_Recorded data_:
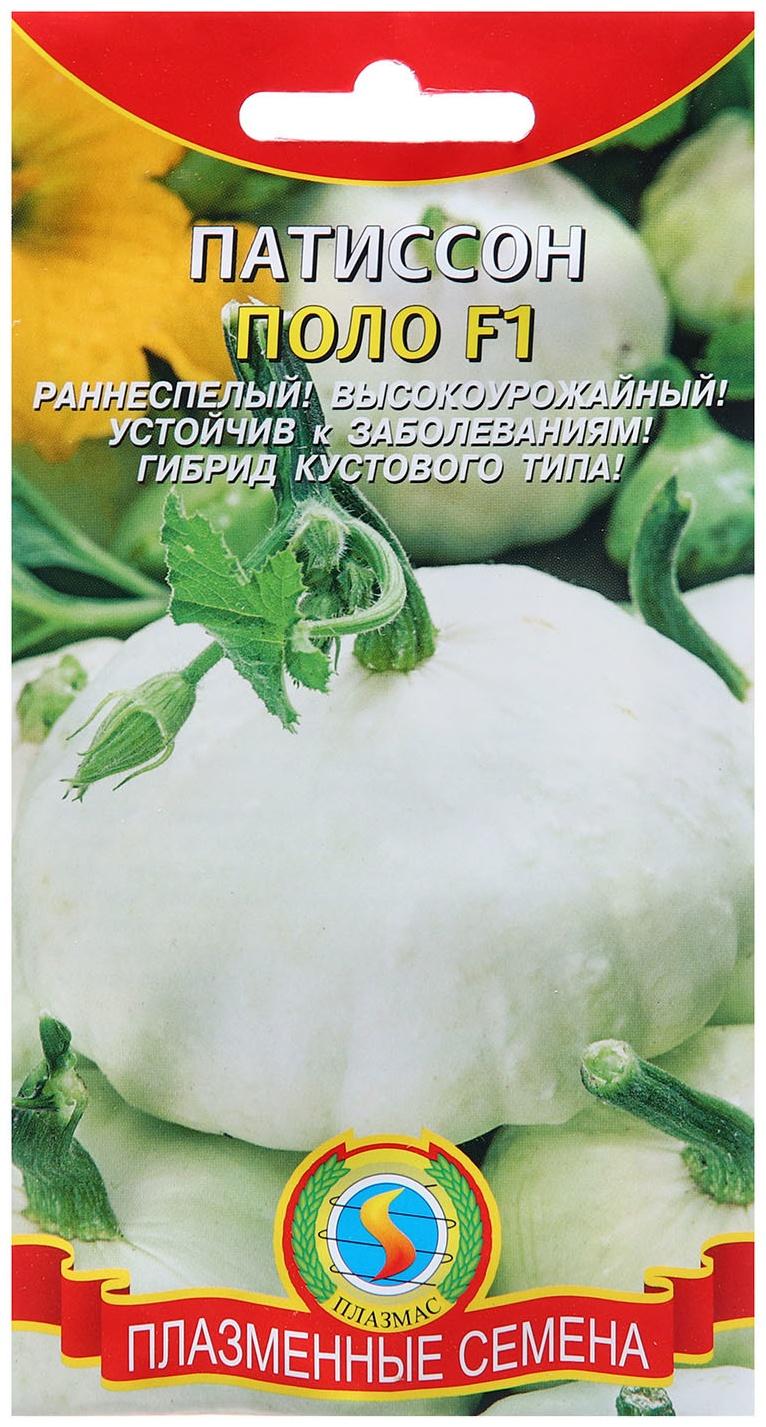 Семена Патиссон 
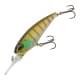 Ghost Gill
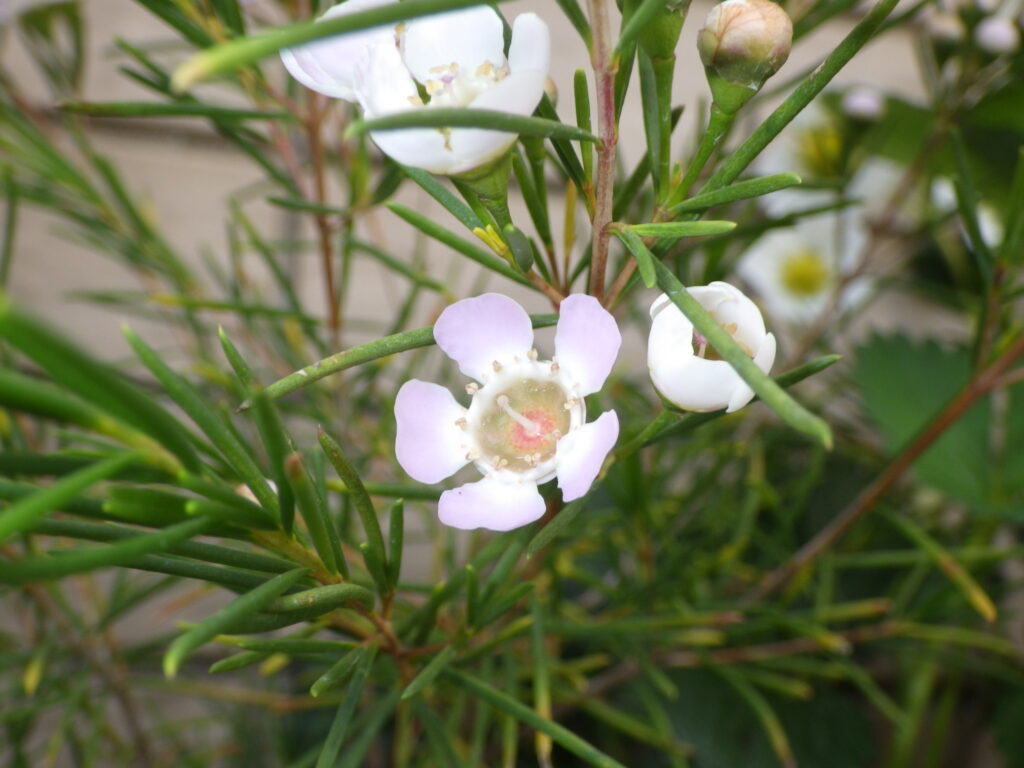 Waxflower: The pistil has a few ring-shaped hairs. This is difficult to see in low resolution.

_Work instruction_:
When you copy the data above, reproduce each line exactly and skip every image.

_Result of this exercise_:
 Семена Патиссон 
 Ghost Gill
 Waxflower: The pistil has a few ring-shaped hairs. This is difficult to see in low resolution.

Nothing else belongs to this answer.